Re: Building a friendly AI from a "just do what I tell you" AI

From: Stathis Papaioannou (stathisp@gmail.com)
Date: Sun Nov 18 2007 - 23:54:31 MST


On 19/11/2007, Thomas McCabe <pphysics141@gmail.com> wrote:

> > If the goal is just the disinterested solution of an intellectual
> > problem it won't do that. Imagine a scientist given some data and
> > asked to come up with a theory to explain it. Do you assume that,
> > being really smart, he will spend his time not directly working on the
> > problem, but lobbying politicians etc. in order increase funding for
> > further experiments, on the grounds that that is in the long run more
> > likely to yield results?
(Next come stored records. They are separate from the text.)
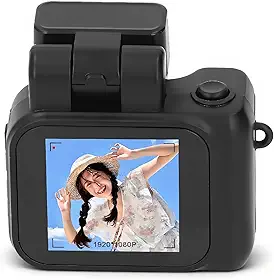 Mini Câmera Chaveiro, Câmera 1080P HD Pocket Buddy, a Menor Câmera do Mundo, Câmera Fotográfica e de Vídeo KeyCam Com 6 Filtros, Bateria de 100 Minutos, para (Com cartão de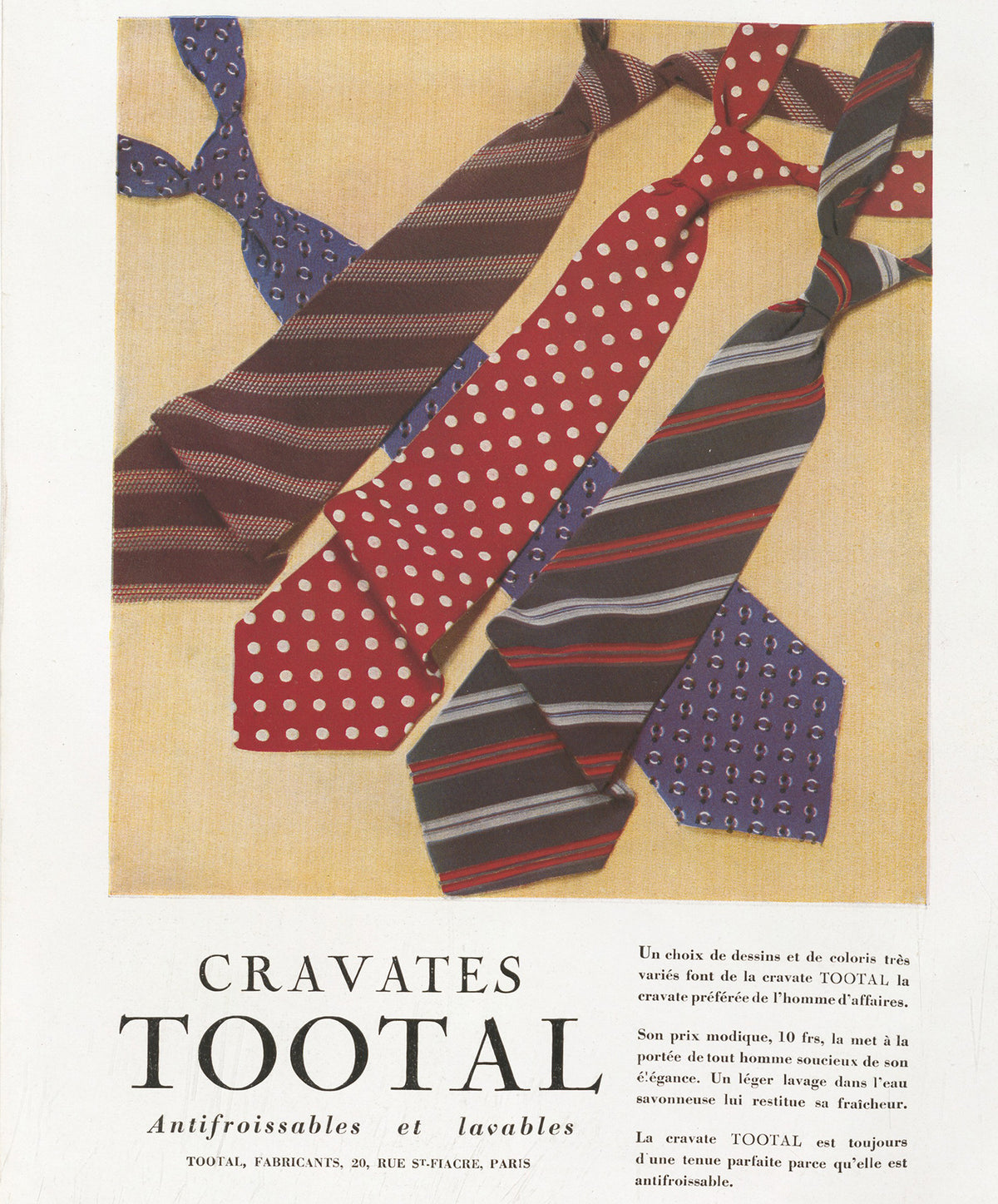 Vintage British Tootal Ties x3 - SL (2025) TT11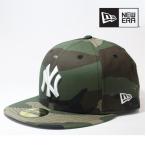 ニューエラ 帽子 キャップ NEWERA WOODLAND CAMO BASIC 59FIFTYFITTED New York Yankees Green Khaki ニューヨーク ヤンキース MLB メジャーリーグ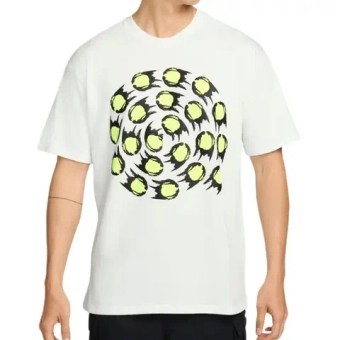 Мужская теннисная футболка Nike Club Rules Logo2 - summit white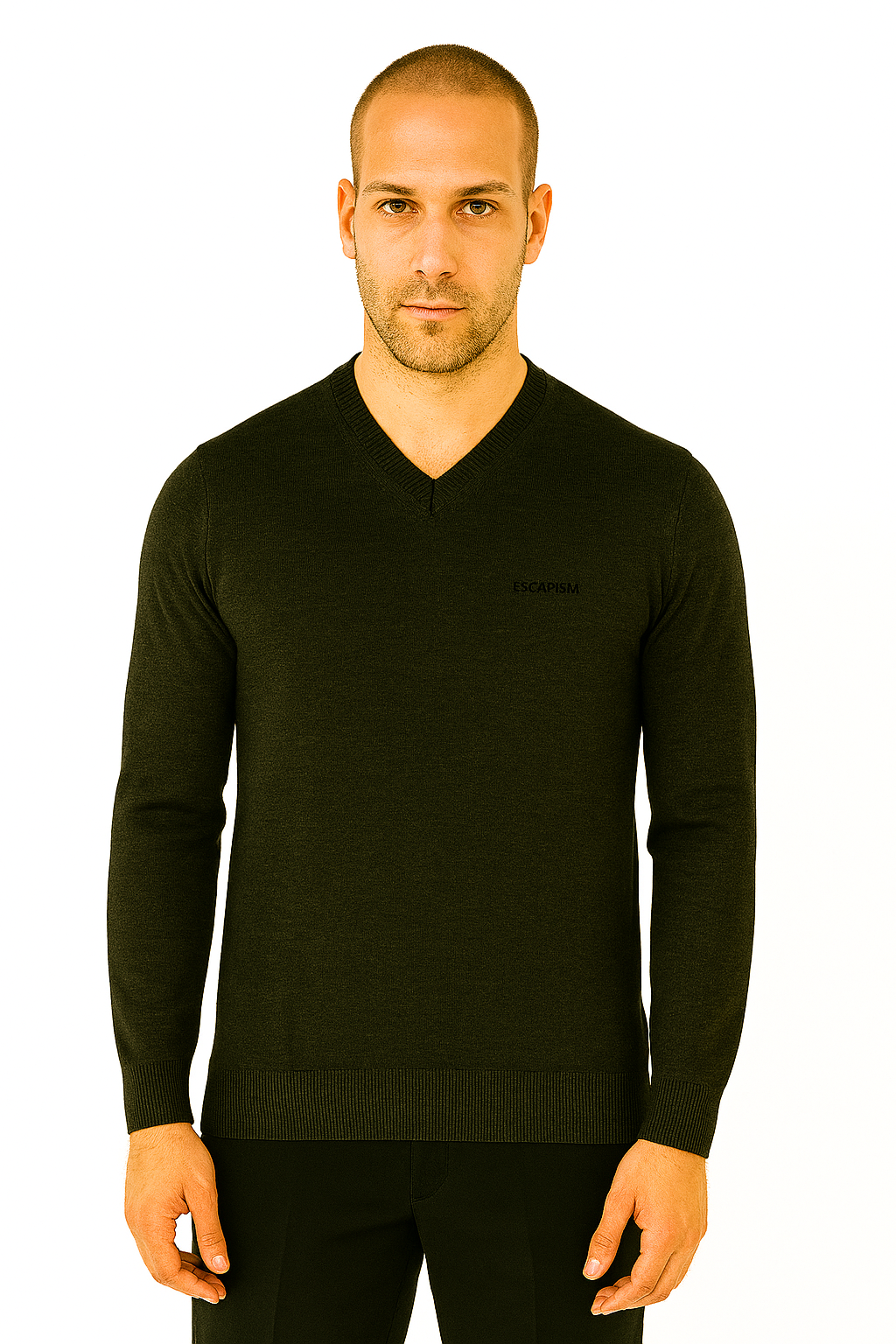 V-NECK EMBROIDERED – ESCAPISM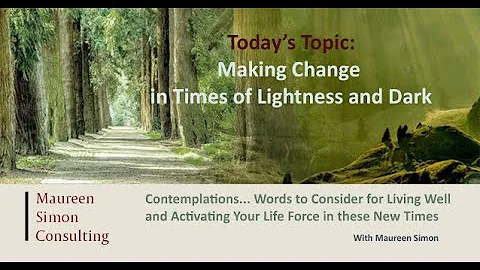 Making Change in Times of Lightness and Dark. Cont...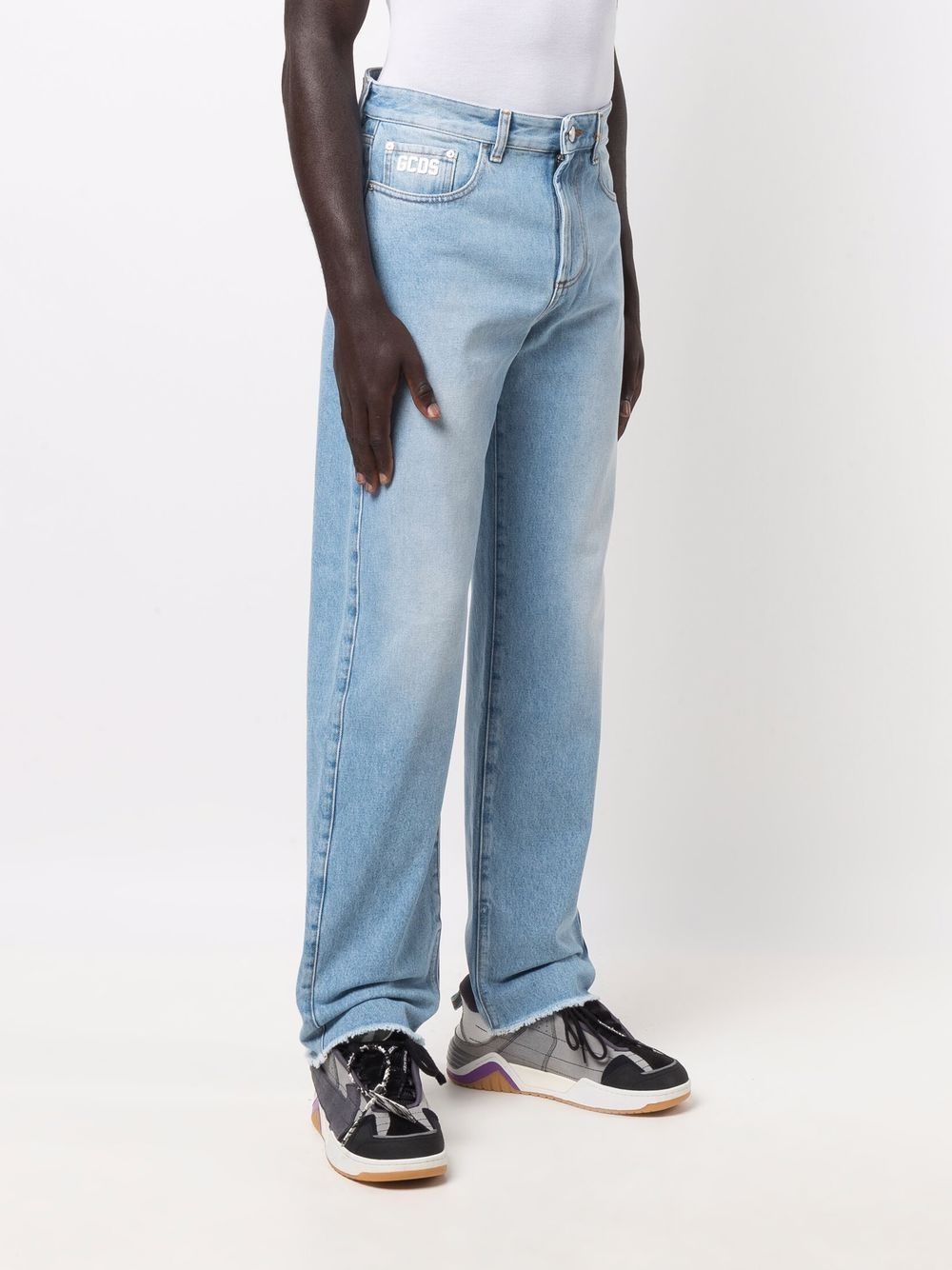 light-wash wide-leg jeans - 3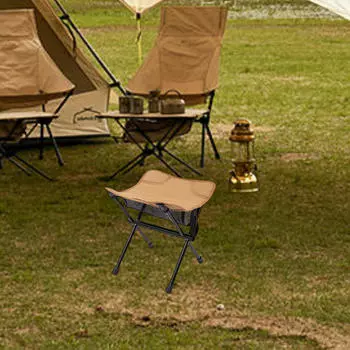 Кемпинговый стул рыболовный стул нескользящий компактный съемная ножка портативный табурет для ног принадлежности хаки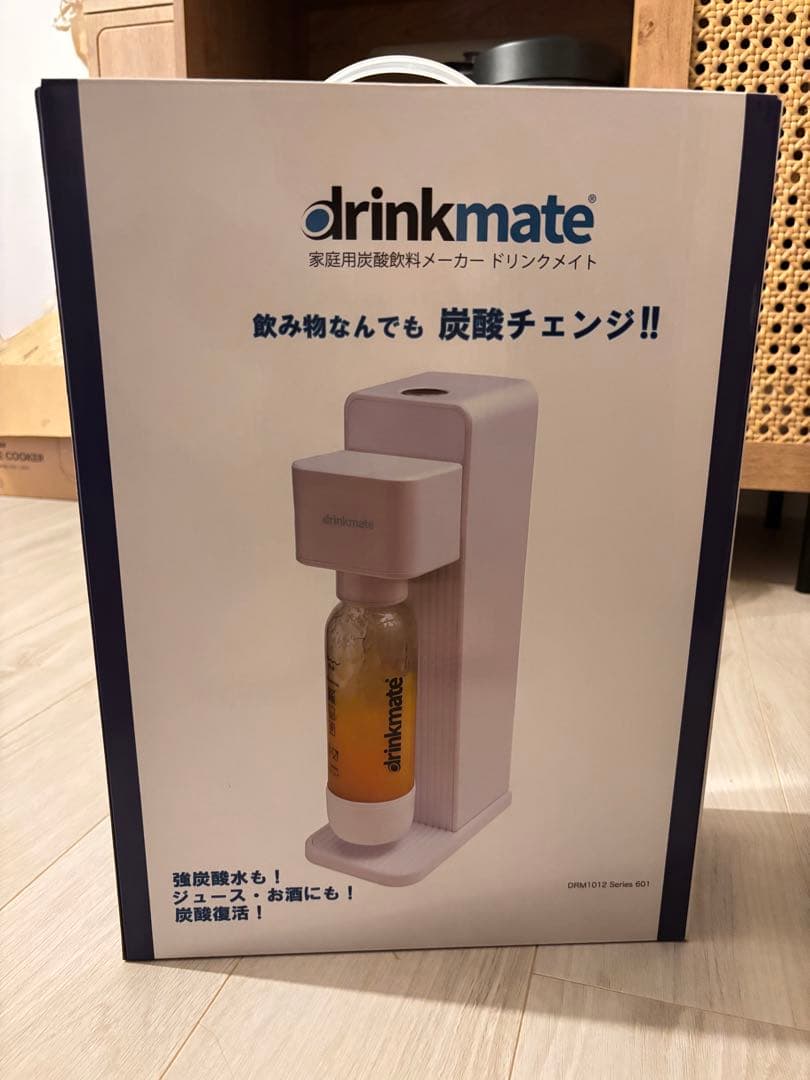 drinkmate 炭酸水メーカー ホワイト｜drinkmate ドリンクメイト 炭酸水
And if a human can understand the intended
> > meaning behind "just work on the problem", why wouldn't a
> > superintelligent AI be able to do the same?
>
> Wasn't this already covered several years ago, by Eli & Co.? This
> exact scenario, where the AGI is asked to solve a technical problem
> and converts the world to computronium to get the results faster, was
> covered in CFAI
> (http://www.intelligence.org/upload/CFAI.html#design_generic_stomp). To
> quote:
>
> "Scenario: The Riemann Hypothesis Catastrophe
> You ask an AI to solve the Riemann Hypothesis. As a subgoal of solving
> the problem, the AI turns all the matter in the solar system into
> computronium, exterminating humanity along the way."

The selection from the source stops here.